_WORK ORDER:_
The answer is every line in the data below that contains the word "image".

_Data records:_
--- START ---
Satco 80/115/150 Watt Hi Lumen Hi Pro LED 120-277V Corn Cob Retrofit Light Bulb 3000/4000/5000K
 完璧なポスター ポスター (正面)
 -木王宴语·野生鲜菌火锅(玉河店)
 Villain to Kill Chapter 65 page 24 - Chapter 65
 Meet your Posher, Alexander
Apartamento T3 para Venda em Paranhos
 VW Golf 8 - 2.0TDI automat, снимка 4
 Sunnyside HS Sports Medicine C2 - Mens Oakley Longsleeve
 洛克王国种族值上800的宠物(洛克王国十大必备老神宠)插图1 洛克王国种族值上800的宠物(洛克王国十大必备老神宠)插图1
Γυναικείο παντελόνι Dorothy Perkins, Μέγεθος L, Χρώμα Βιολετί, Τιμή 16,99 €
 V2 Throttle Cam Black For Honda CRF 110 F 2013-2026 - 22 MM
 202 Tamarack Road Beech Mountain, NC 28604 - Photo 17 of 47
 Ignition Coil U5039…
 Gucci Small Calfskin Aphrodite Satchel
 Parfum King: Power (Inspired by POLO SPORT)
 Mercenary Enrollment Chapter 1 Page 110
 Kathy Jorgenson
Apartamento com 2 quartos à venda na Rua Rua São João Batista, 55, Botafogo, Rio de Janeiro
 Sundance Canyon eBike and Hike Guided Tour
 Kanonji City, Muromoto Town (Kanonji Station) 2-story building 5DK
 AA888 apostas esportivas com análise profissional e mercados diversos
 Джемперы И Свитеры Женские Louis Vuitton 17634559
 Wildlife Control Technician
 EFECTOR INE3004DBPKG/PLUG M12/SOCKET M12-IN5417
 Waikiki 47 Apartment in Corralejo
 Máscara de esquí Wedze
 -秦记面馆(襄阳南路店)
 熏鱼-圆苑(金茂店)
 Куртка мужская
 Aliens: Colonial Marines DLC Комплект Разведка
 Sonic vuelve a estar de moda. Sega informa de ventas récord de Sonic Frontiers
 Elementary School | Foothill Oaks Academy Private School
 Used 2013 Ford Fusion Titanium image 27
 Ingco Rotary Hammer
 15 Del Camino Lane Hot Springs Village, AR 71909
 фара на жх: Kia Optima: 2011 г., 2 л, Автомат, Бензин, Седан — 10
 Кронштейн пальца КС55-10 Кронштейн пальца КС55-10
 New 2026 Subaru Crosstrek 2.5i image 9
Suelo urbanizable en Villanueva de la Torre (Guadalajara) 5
--- END ---
_RESULT:_
 Used 2013 Ford Fusion Titanium image 27
 New 2026 Subaru Crosstrek 2.5i image 9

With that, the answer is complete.